The U.S. Commodity Futures Trading Commission (CFTC) has announced the filing of a civil enforcement action charging Haena Park and her companies operating under various names including Phaetra Capital GP LLC, Argenta Capital GP LLC, Phaetra Capital Management LP, Argenta Capital LLC, and Argenta Group LLC with fraudulently operating a commodity pool and misappropriation of pool participants’ assets.
The complaint also charges Park and Yul Kaseman with making false statements to the National Futures Association.
The CFTC complaint charges that from at least January 2010 through the present Park and her companies engaged in at least two fraudulent schemes in violation of the Commodity Exchange Act:
(1) fraudulently solicited at least $23 million from members of the public to participate in a commodity pool that traded futures contracts, as well as leveraged or margined retail off-exchange foreign currencies, and
(2) duped at least one investment firm to authorize Park to manage the firm’s investment account.
The CFTC complaint alleges that Park and her companies fraudulently solicited approximately 50 members of the public who deposited over $23 million into bank accounts opened in Park’s name and/or controlled by Park. In her solicitations, Park made material misrepresentations and omissions concerning her trading expertise and the purported profits she generated from her trading.
For example, Park falsely claimed that an initial investment in November 2009 of $1 million achieved a cumulative return of 393.2% and grew to $4,778,229 by February 27, 2015.
According to the Complaint, Park’s trading on behalf of the pool participants resulted in a loss of more than $18 million. Park hid these losses from the pool participants and falsely and fraudulently represented to existing and prospective pool participants that their funds were trading at a profit.
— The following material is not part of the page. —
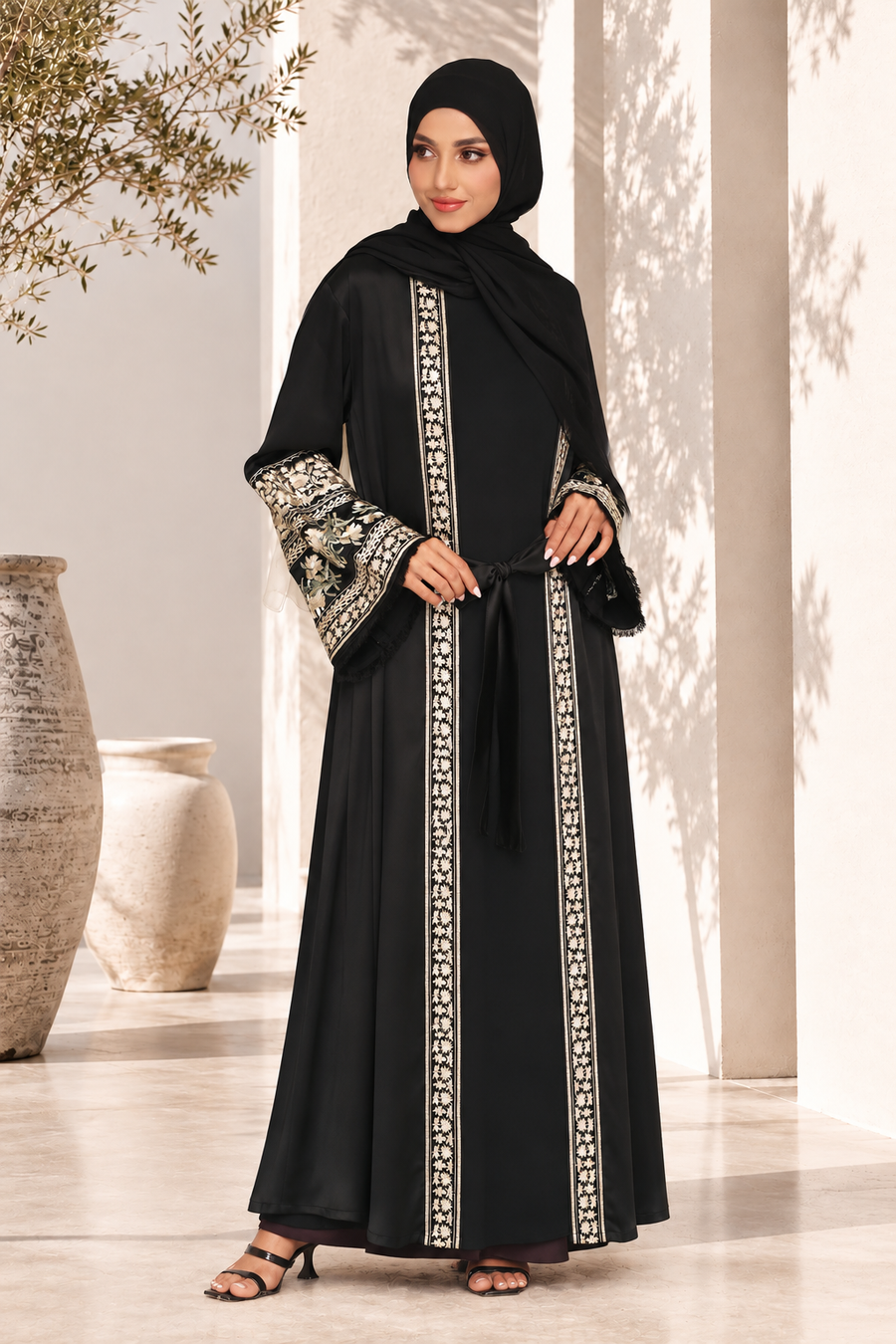 Areeba Floral Kimono Abaya Black 1236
To perpetrate her fraud, the complaint alleges, Park provided pool participants with false monthly statements with fabricated data.
Of the pool participants’ assets not lost in trading, the complaint further alleges that Park misappropriated portions of pool participants’ funds, using some of the funds from pool participants to make payments to other pool participants, in the manner akin to a Ponzi scheme, and to pay personal credit card bills, make cash withdrawals and pay other non-business related expenses not authorized by the pool participants.
In its continuing litigation, the CFTC seeks full restitution to defrauded pool participants, disgorgement of any ill-gotten gains, a civil monetary penalty, permanent registration and trading bans, and a permanent injunction against future violations of federal commodities laws, as charged.